Hi Everyone, I am new here, but I am curious if I am totally alone or if anyone else shares my opinions on the topic of exercise and diabetes. Here are a few things that I believe. I may be completely on my own here, but does anyone else agree with me on any of these?
I think some of the guidelines on pre-exercise precautions are crazy. Like some of the recommendations in Sheri Colberg’s Diabetic Athlete’s Handbook. Look at table 2.3 - carb increases before exercise. I’m nowhere close to that. For example, for a moderate 2 hours workout, if over 200, she says take in an additional 15-30 grams of rapidly absorbed carbs. No way I would do that! I would take extra insulin before a workout in those conditions (depending on amount of insulin I already have, which way my BG is going, and all the other factors, of course!).
So many of the phone apps or websites give similar recommendations, like they totally freak out at the idea of exercising with decent BG. They want to play it so “safe” and would rather you be high. Ugh, I hate that.
Neither of these is ideal or preferred, but if I had to choose, I’d actually rather start at 50 (mg/dL) than 200. I can bring BG up in a few minutes, but bringing it down can take an hour. I think 50 is easier to fix than 200 when exercising. Am I alone here?!
Dexcom - great when sleeping, but not so much when running!
I love doing IM shots for more rapid BG lowering. Much faster than subcu.
For long slow endurance runs, my preferred BG is between 65-75. It feels so much easier in that zone. It’s different for faster paces, but I am talking about easy runs longer than 10 miles. Does anyone else feel that way?

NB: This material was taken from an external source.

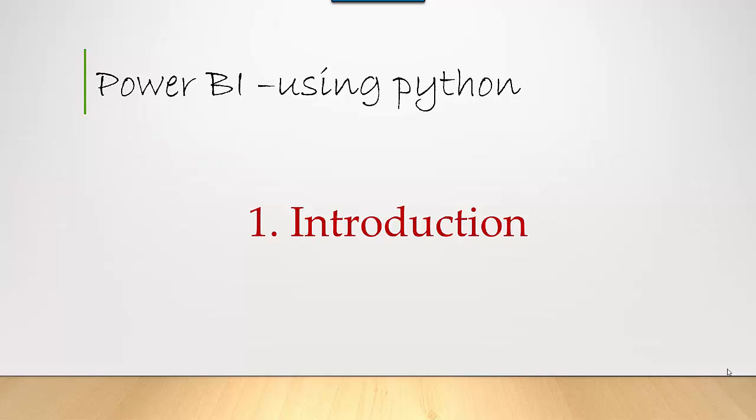Hey everyone, in this series we will learn to use Python with Power BI. We will learn to leverage the Python visual which is available in Power BI as well as use Python with Power Query. Let's start by learning to install Python and then pointing our Power BI to that Python installation.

I’m not scared by low BG when running. What do you do if your BG is 50 when running? I take some sugar and keep going. It only sucks for a little while, it comes up quickly as long as I don’t have a stupid amount of insulin floating through my body. If I have too much insulin on board, then I might bail.
I am not advocating anyone else do this stuff. I am asking if anyone shares these opinions because I feel like I am completely on my own with my perspective. I am tired of the overly cautious doctors, endos, and experts in the diabetes world who want you to exercise at 150. Are there any others with me on any of this stuff?
Please forgive me for having ideas so far outside the mainstream. Wanted to know if there are any other “rebels” here to connect with.
I raised my hand because I am a rebel, too! Agree with all except number 4 (for N/A), and number 5 (never have done IM, on purpose). It is hard for me to do a nice workout with food in my belly.
As they do more studies using both CGM and more sophisticated fitness trackers, they will probably develop more precise recommendations for how many grams of carbs you need to prevent lows while exercising…and I suspect that for many people, unless they’re sprinting like crazy or are in the Olympics or something, the amount is a lot less than they’ve typically been told. In fact I think some of the presentations at the ADA this year seemed to have conclusions exactly to that effect.
I’d also say that everybody’s different. Someone who runs all the time won’t require as much of a metabolic uptick to go on a jog as someone who is totally out-of-shape. My guess is that guidelines are tailored towards people who are either newer to diabetes or newer to exercising with diabetes. If you’ve been running forever while t1d, my guess is you’ve got a better handle on your body than experts.
Agree with most everything. Since switching to tresiba I’ve ran upwards of 10 miles without having to add carbs… amazing stuff… and I don’t use a cgm. I’ve never had a severe exercise induced low with tresiba and I run a lot… yes sometimes my bg drifts down into sub optimal ranges but never any crashes
I think it really depends on the person, how well controlled their diabetes is and how good shape they are in. If I were to coach somebody completely new to exercise I would rather they were at 150 mg/dl than 50 mg/dl for the first few workouts. Obviously I would rather have them around 100 mg/dl but I think that’s a given.
When it comes to myself, I’m like you, I not scared of running low. My exercise of choice is resistance training so I eat before and after to fuel the workout, not to drive my sugars up. I adjust my insulin rather than my food to manage my BGs during exercise.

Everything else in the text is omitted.